- Required work -
Transcribe the following records exactly, images excluded.

- Source material -
# # # # # # #
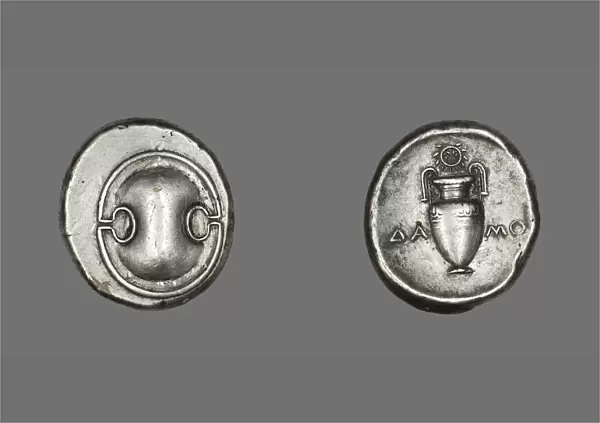 Stater (Coin) Depicting a Shield, 379-338 BCE. Creator: Unknown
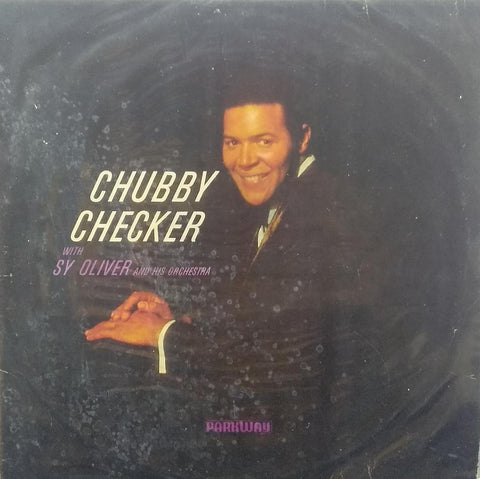 "CHUBBY CHECKER WITH SY OLIVER AND HIS ORCHESTRA" English vinyl LP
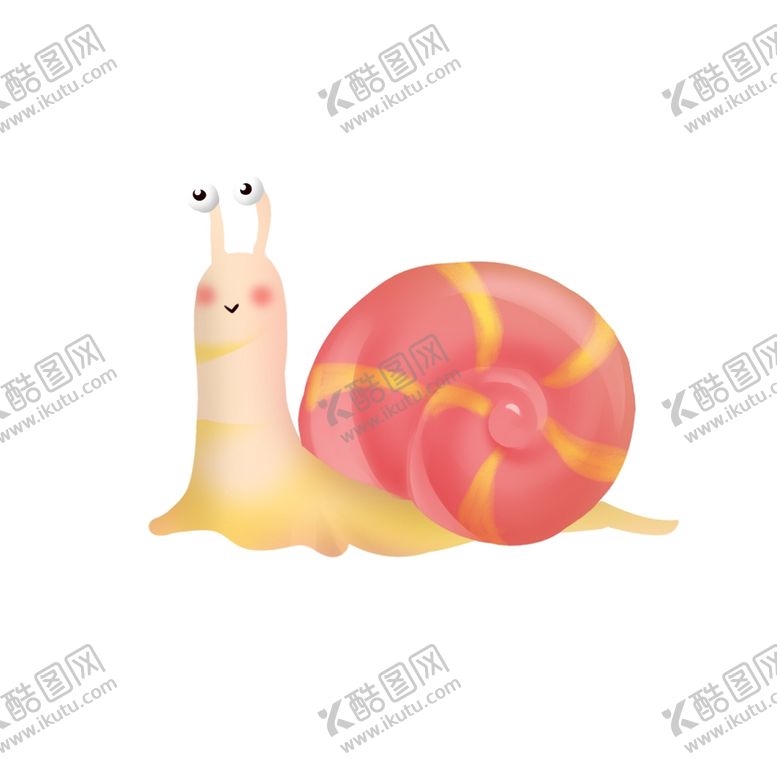 编号：35890710281233069697【酷图网】源文件下载-粉色卡通蜗牛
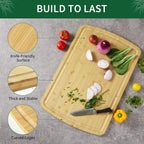 30x20" Large Bamboo Cutting Board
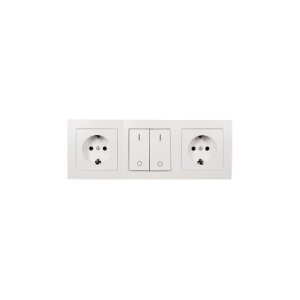 McPower Flair Steckdosenblock 2-fach + Schalter, Aufbau,...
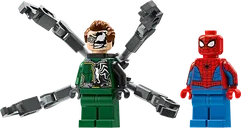 LEGO® Marvel Persecución en Moto: Spider-Man vs. Doc Ock minifiguras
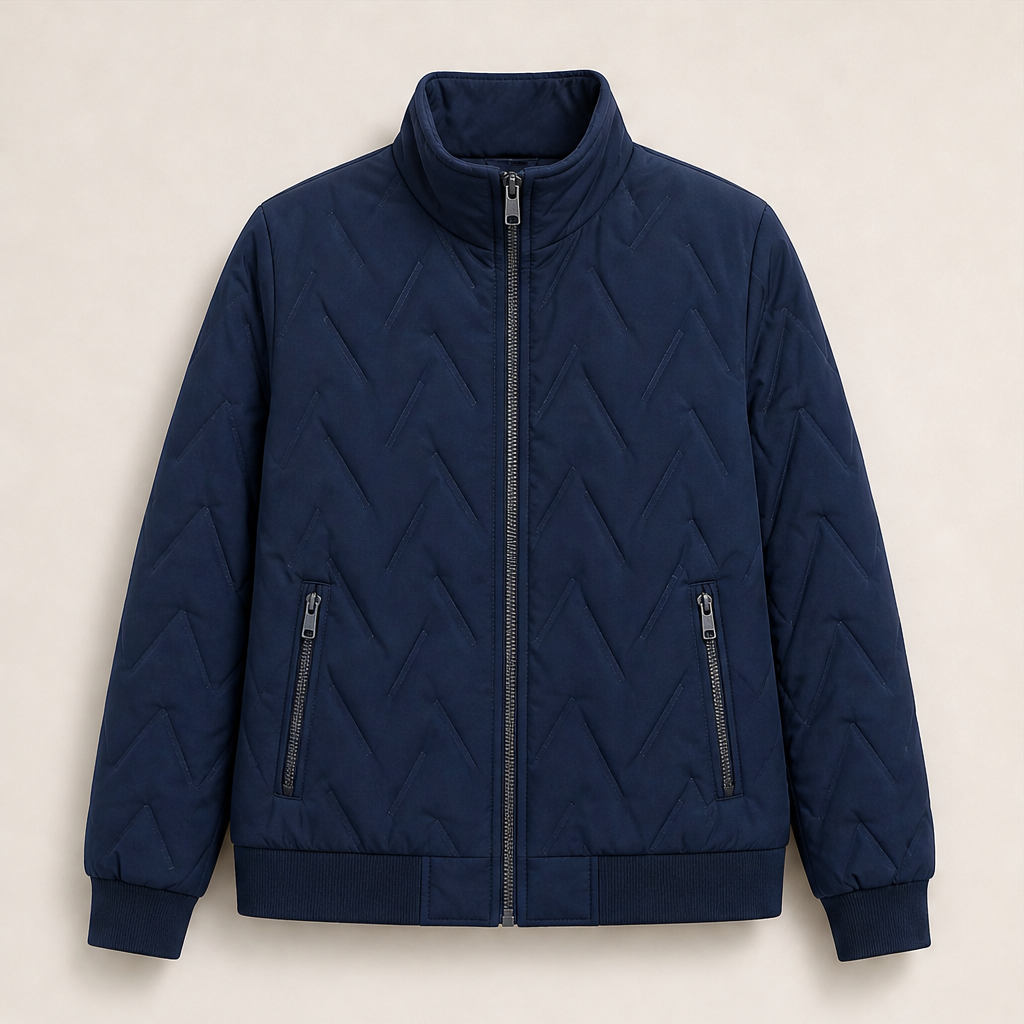 Corvina Quilted Jacket – High Neck Zip-Up Padded Side Pockets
# # # # # # #
- Output for this exercise -
 Stater (Coin) Depicting a Shield, 379-338 BCE. Creator: Unknown
 "CHUBBY CHECKER WITH SY OLIVER AND HIS ORCHESTRA" English vinyl LP
 编号：35890710281233069697【酷图网】源文件下载-粉色卡通蜗牛
 30x20" Large Bamboo Cutting Board
 McPower Flair Steckdosenblock 2-fach + Schalter, Aufbau,...
 LEGO® Marvel Persecución en Moto: Spider-Man vs. Doc Ock minifiguras
 Corvina Quilted Jacket – High Neck Zip-Up Padded Side Pockets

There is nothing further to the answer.